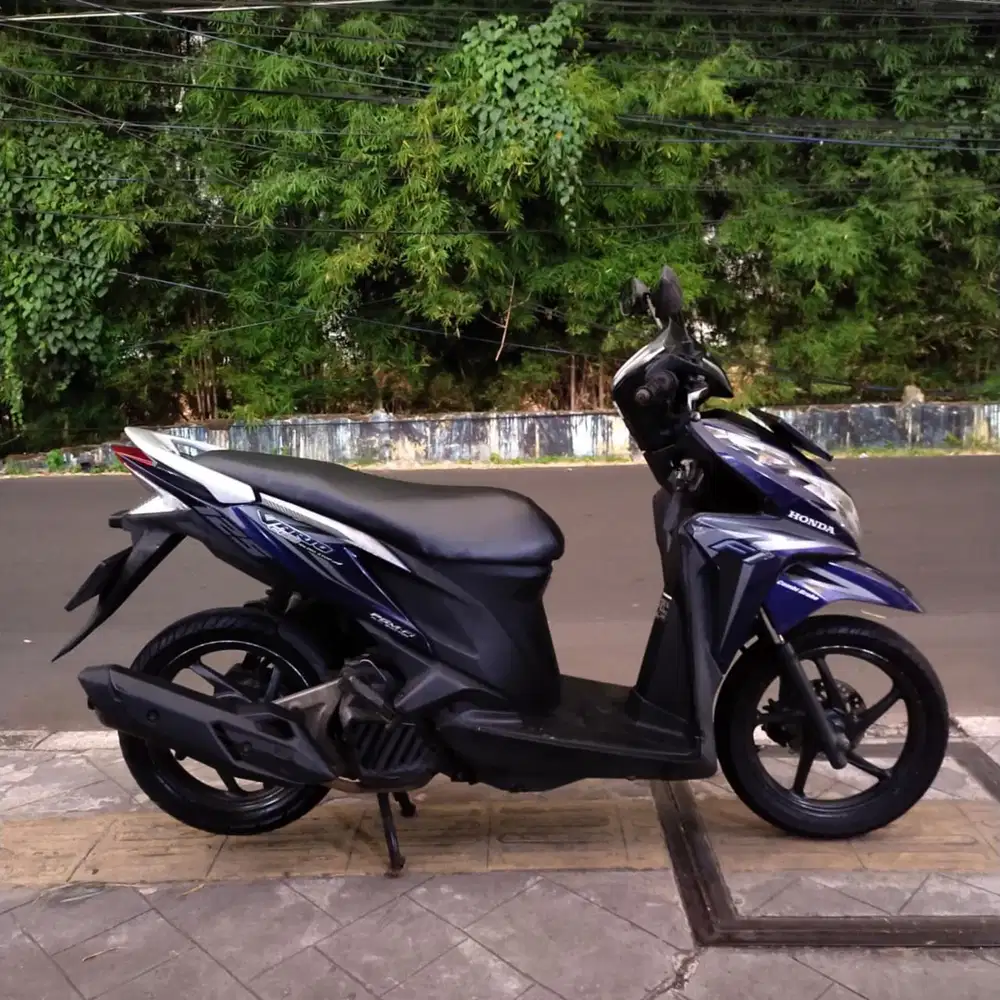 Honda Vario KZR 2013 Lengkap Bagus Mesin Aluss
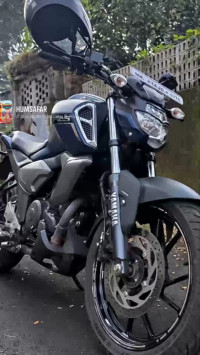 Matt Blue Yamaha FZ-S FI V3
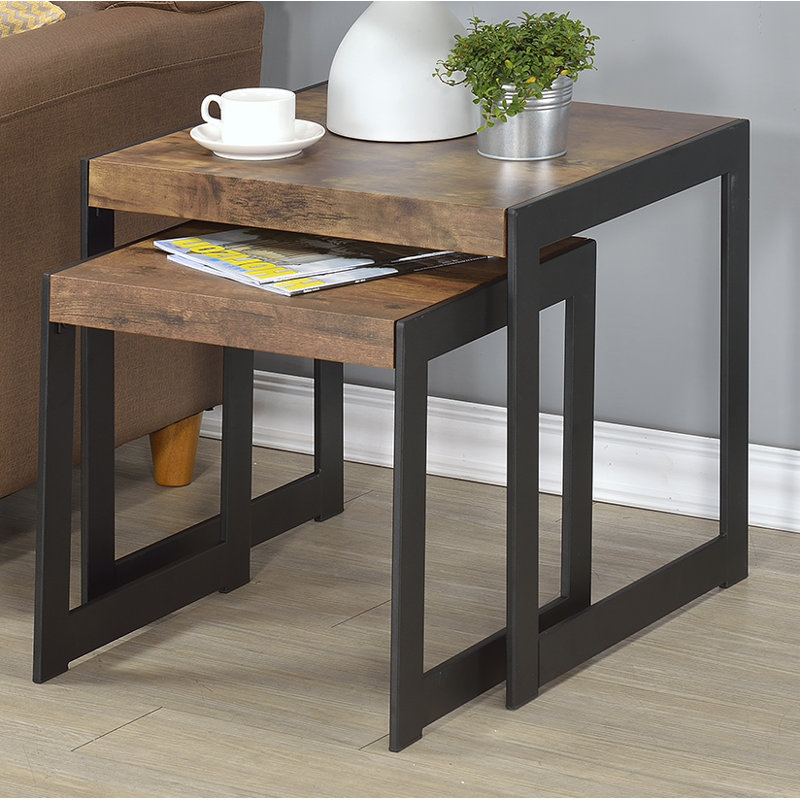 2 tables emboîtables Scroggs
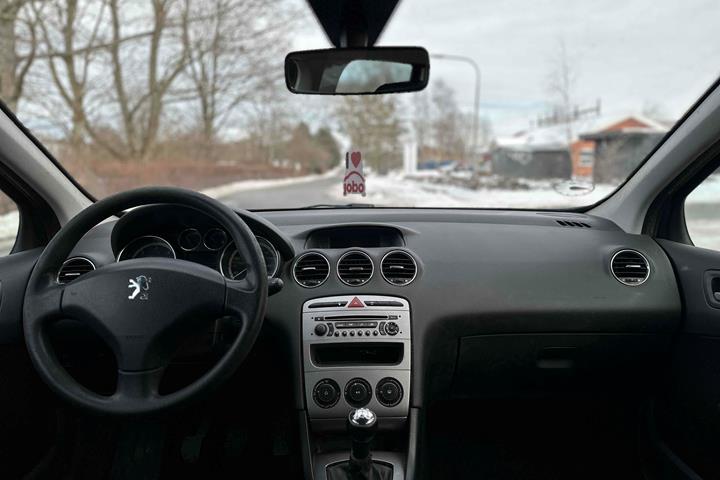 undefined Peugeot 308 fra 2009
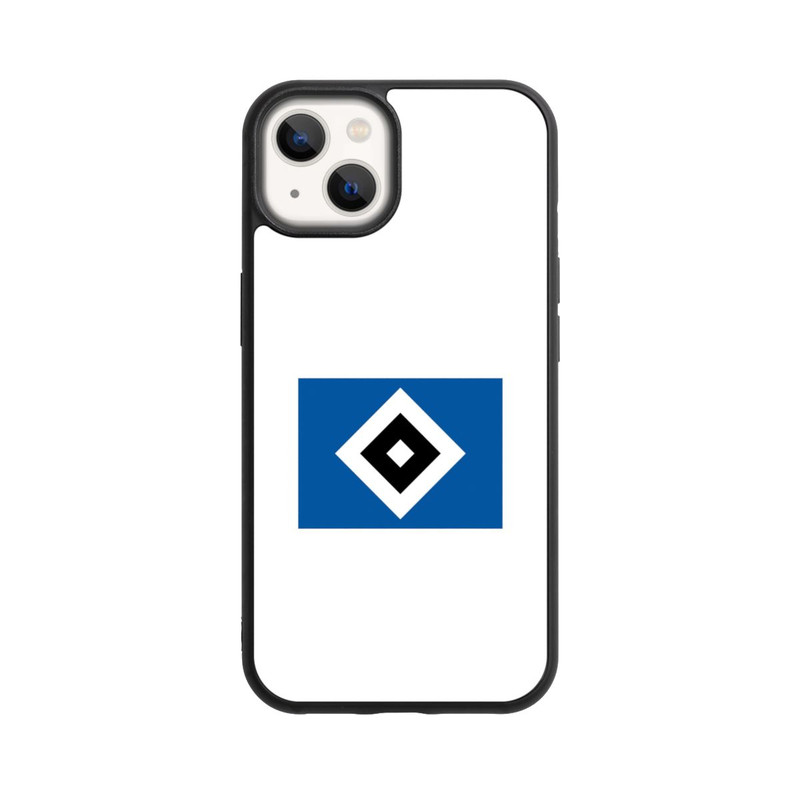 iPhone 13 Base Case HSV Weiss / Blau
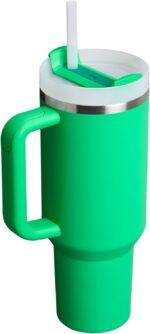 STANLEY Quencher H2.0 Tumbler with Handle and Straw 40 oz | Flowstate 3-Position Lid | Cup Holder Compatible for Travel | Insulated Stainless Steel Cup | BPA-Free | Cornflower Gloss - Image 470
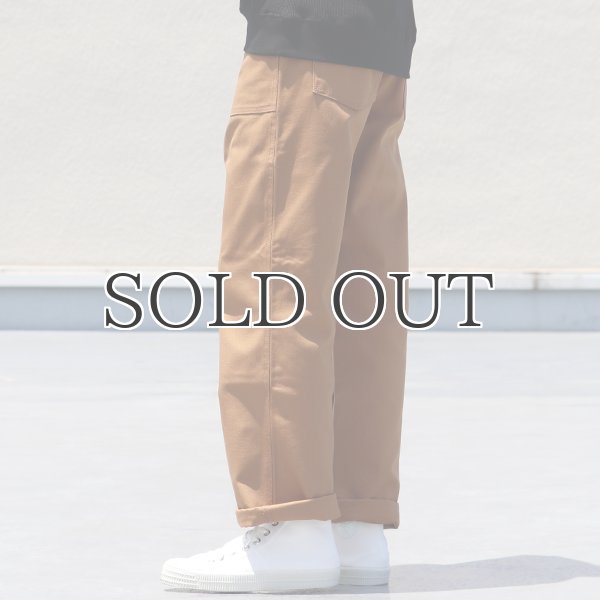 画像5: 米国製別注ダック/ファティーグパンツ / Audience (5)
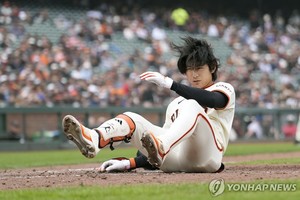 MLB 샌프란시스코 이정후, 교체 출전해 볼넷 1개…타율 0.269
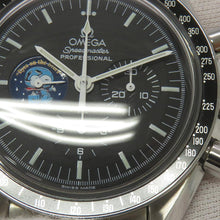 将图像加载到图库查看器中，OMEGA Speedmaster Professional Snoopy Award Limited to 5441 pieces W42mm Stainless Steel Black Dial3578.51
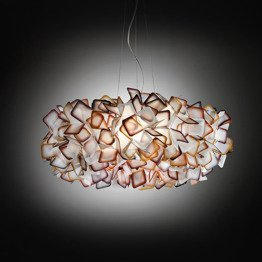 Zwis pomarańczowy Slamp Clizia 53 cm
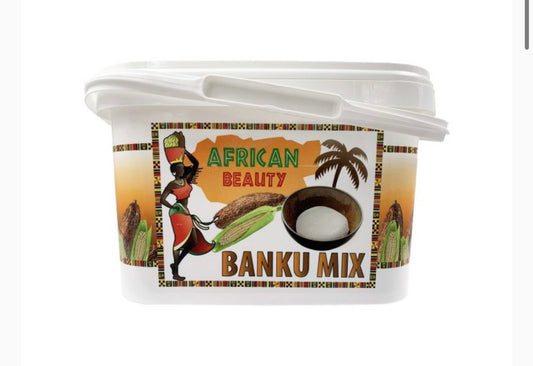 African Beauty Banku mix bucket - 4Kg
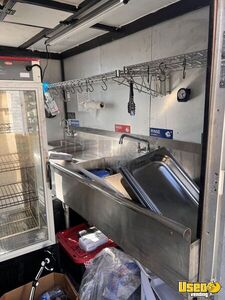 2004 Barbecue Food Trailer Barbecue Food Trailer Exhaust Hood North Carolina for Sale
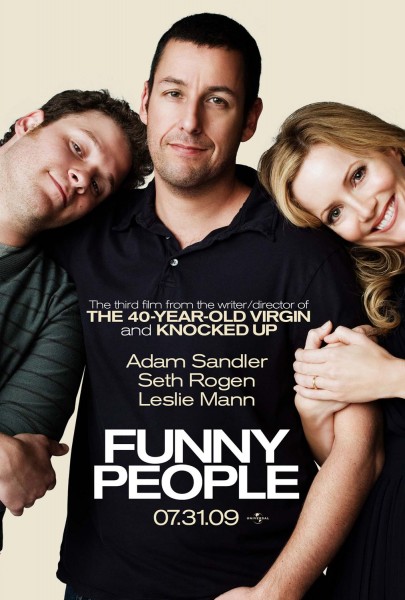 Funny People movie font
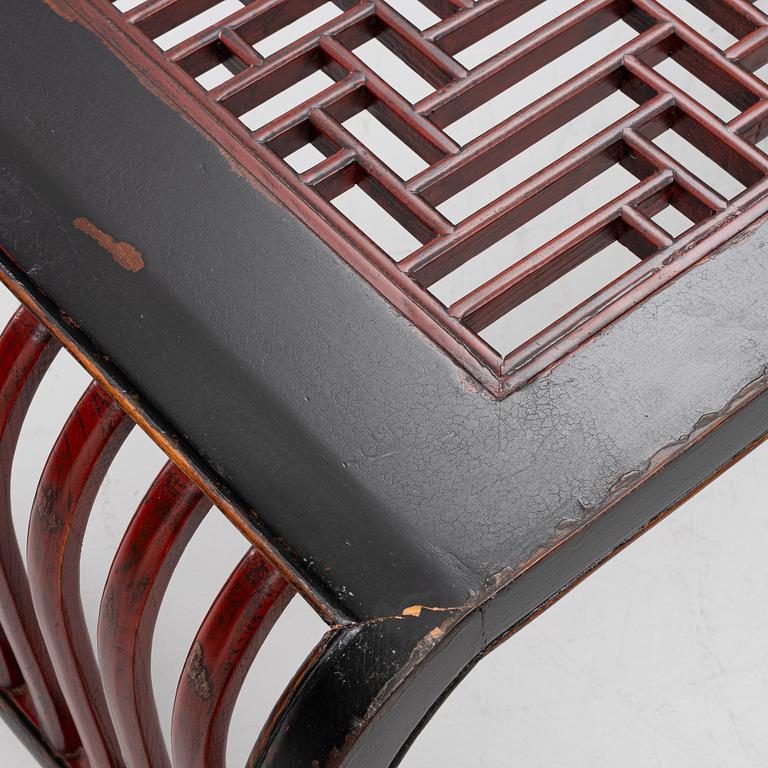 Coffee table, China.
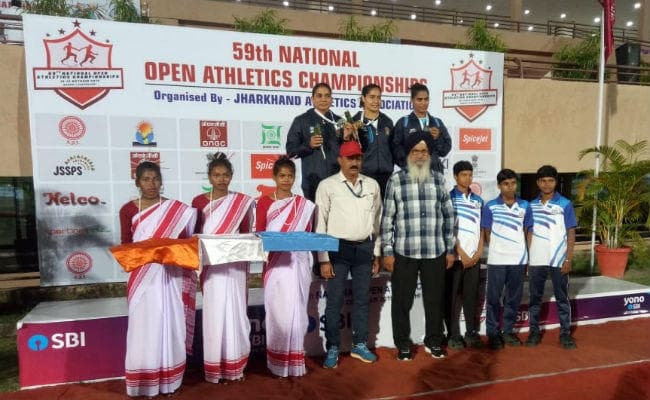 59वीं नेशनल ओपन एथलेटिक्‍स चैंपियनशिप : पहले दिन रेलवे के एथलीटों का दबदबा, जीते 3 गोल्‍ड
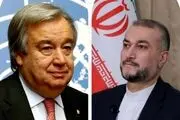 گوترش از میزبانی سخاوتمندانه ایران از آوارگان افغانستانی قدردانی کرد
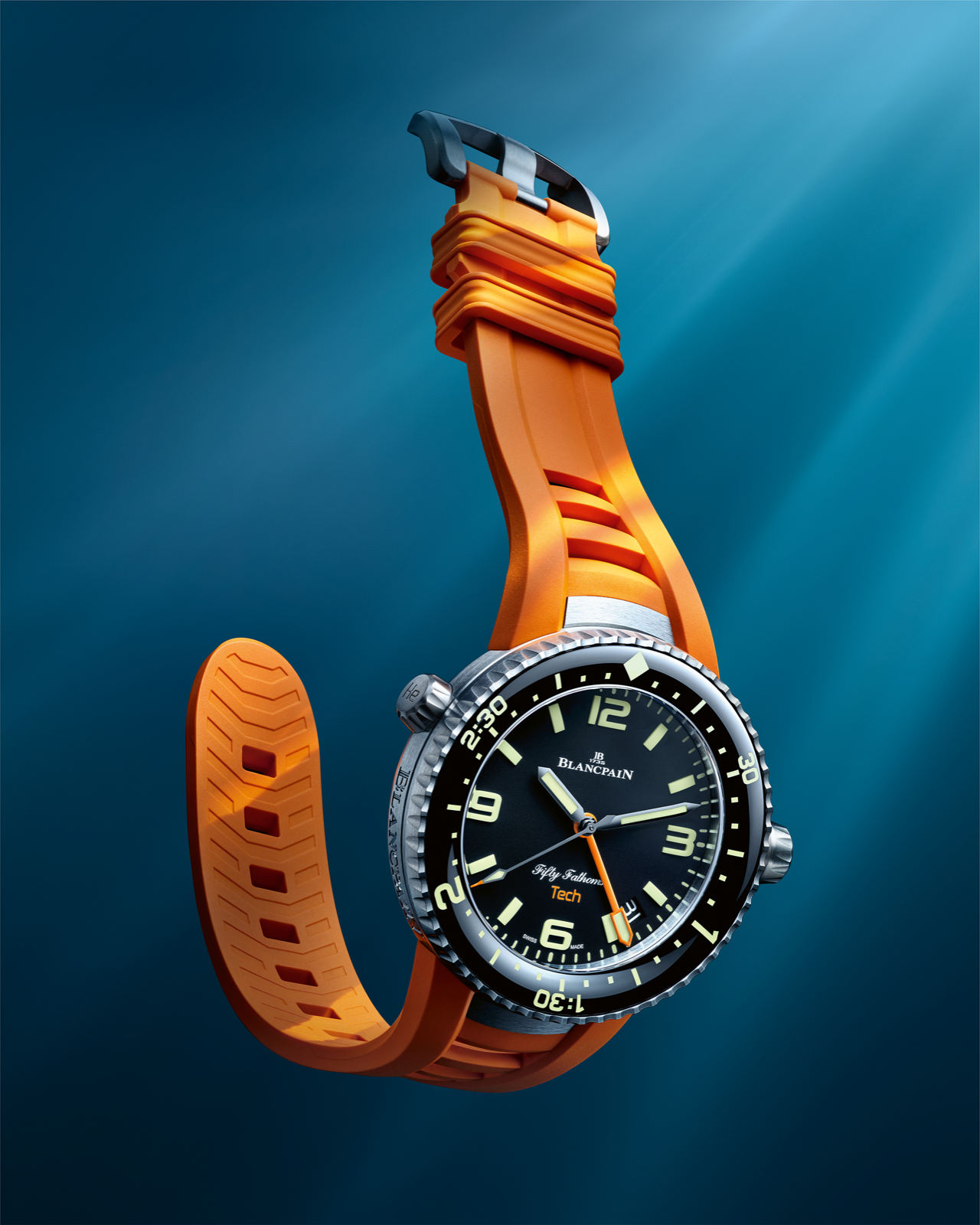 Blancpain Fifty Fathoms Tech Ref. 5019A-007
=-=-=
*WORK TASK*: When you reach a picture in the records above, pass over it and transcribe the rest exactly.

*YOUR RESPONSE*:
 Honda Vario KZR 2013 Lengkap Bagus Mesin Aluss
 Matt Blue Yamaha FZ-S FI V3
 2 tables emboîtables Scroggs
 undefined Peugeot 308 fra 2009
 iPhone 13 Base Case HSV Weiss / Blau
 STANLEY Quencher H2.0 Tumbler with Handle and Straw 40 oz | Flowstate 3-Position Lid | Cup Holder Compatible for Travel | Insulated Stainless Steel Cup | BPA-Free | Cornflower Gloss - Image 470
 画像5: 米国製別注ダック/ファティーグパンツ / Audience (5)
 MLB 샌프란시스코 이정후, 교체 출전해 볼넷 1개…타율 0.269
 将图像加载到图库查看器中，OMEGA Speedmaster Professional Snoopy Award Limited to 5441 pieces W42mm Stainless Steel Black Dial3578.51
 Zwis pomarańczowy Slamp Clizia 53 cm
 African Beauty Banku mix bucket - 4Kg
 2004 Barbecue Food Trailer Barbecue Food Trailer Exhaust Hood North Carolina for Sale
 Funny People movie font
 Coffee table, China.
 59वीं नेशनल ओपन एथलेटिक्‍स चैंपियनशिप : पहले दिन रेलवे के एथलीटों का दबदबा, जीते 3 गोल्‍ड
 گوترش از میزبانی سخاوتمندانه ایران از آوارگان افغانستانی قدردانی کرد
 Blancpain Fifty Fathoms Tech Ref. 5019A-007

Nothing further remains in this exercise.